Oncology (General Cancer)/breast cancer


Hello Dr,
Recently my aunt, who is in her late 50's, found a lump in her breast. The biopsy came back positive. On the bright side, it isn't metastasis, just in the breast. She will/is going in for radiation treatment. Because of her treatment, my kids can not be around her. I am at a loss what to do or offer or send her. My Mom said to call, but if I'm her, I don't feel much like talking. I was thinking of sending her some kind of a care package to let her know we are thinking of her, but can't do a food one as I heard patients get sick from treatment, and I'm not sure what she could actually make use of. Do you have any ideas?

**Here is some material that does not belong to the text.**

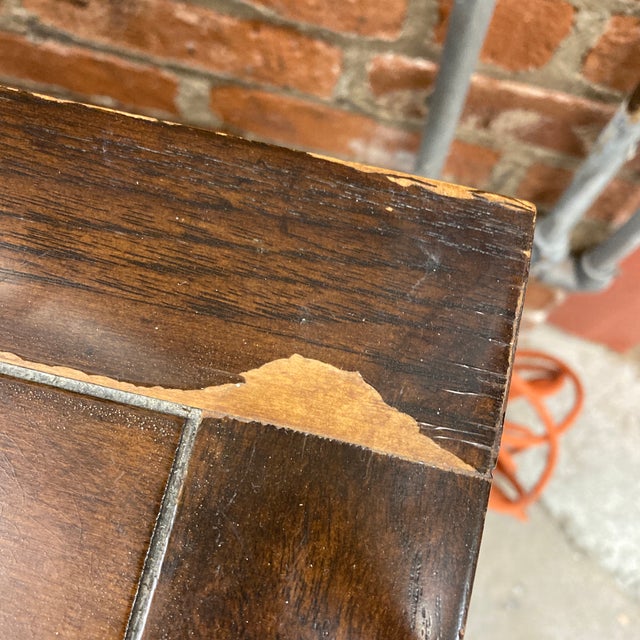 1970s Drexel Low Dresser For Sale - Image 10 of 12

Thank you.

I don't know who is giving you all this information.  Radiation treatments do not make a person radioactive.  The only kind of radiation that might pose a risk for a day or two is when someone gets a dose of radioactive iodine to treat thyroid cancer.  Standard radiation for breast cancer does not pose a risk to anyone, unless they go into the radiation chamber with the patient.  As a cancer specialist, I was "exposed" to uncountable numbers of patients who were getting radiation during the time I saw them.  The second issue is that breast irradiation doesn't really affect the appetite, or generally make you sick from treatment.  Radiation to the head or the abdomen, on the other hand, might do so.  Chemotherapy sometimes does this.  So if she's getting standard breast irradiation, you and your kids have nothing to worry about.  On the other hand, if she is telling you those things, it's probably because she wants to be alone and doesn't want people fussing over her.  I do feel that a phone call would be a wonderful way to start a conversation about what she might need from you -- a visit, a visit from your kids, a home cooked meal, or just some conversation.  From what you are saying, she has a very high chance of being cured.  

Oncology (General Cancer)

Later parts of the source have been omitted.